In most cases, a baby that snores, snorts, and even drips snot is not unusual as nasal passages are still developing, but less parents are prepared for toddler snoring. Whether your toddler has sawed logs from night one or it’s a new a noisy development, there are some things that should be known about toddler snoring.
What causes toddler snoring?
A toddler snoring can occur for a number of reasons. Some of which are no cause for concern, and some that warrant some pediatrician attention.
First, your toddler could just be congested.

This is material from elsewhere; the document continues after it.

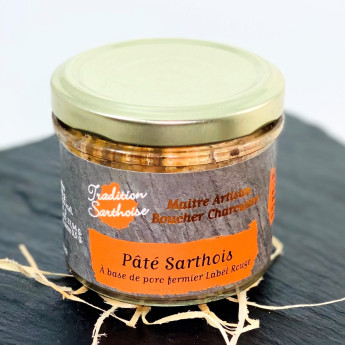 Terrine pâté sarthois à base de porc fermier Label Rouge origine France Tradition Sarthoise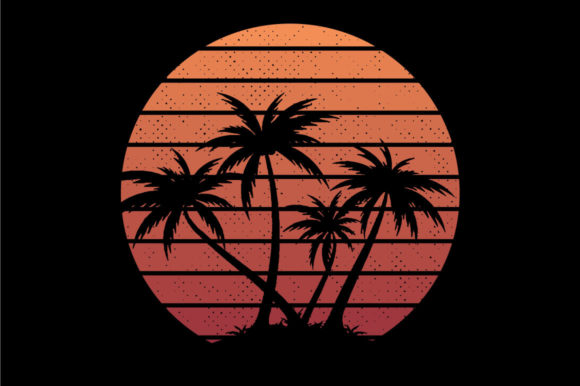 Retro Vintage Sunset Palm Tree 13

Any obstruction of the nasal passages can cause toddler snoring. If your toddler suddenly becomes the loudest sleeper of them all, it’s a good bet snots to blame. He or she may have a cold coming on or just need a good booger sucking. Older toddlers can also be taught to blow their own nose to avoid that midnight rendezvous with an aspirator no parent enjoys. A humidifier by your child’s bed may also prove helpful or administering steam baths just before bed. Swollen tonsils will also cause toddler snoring in many cases.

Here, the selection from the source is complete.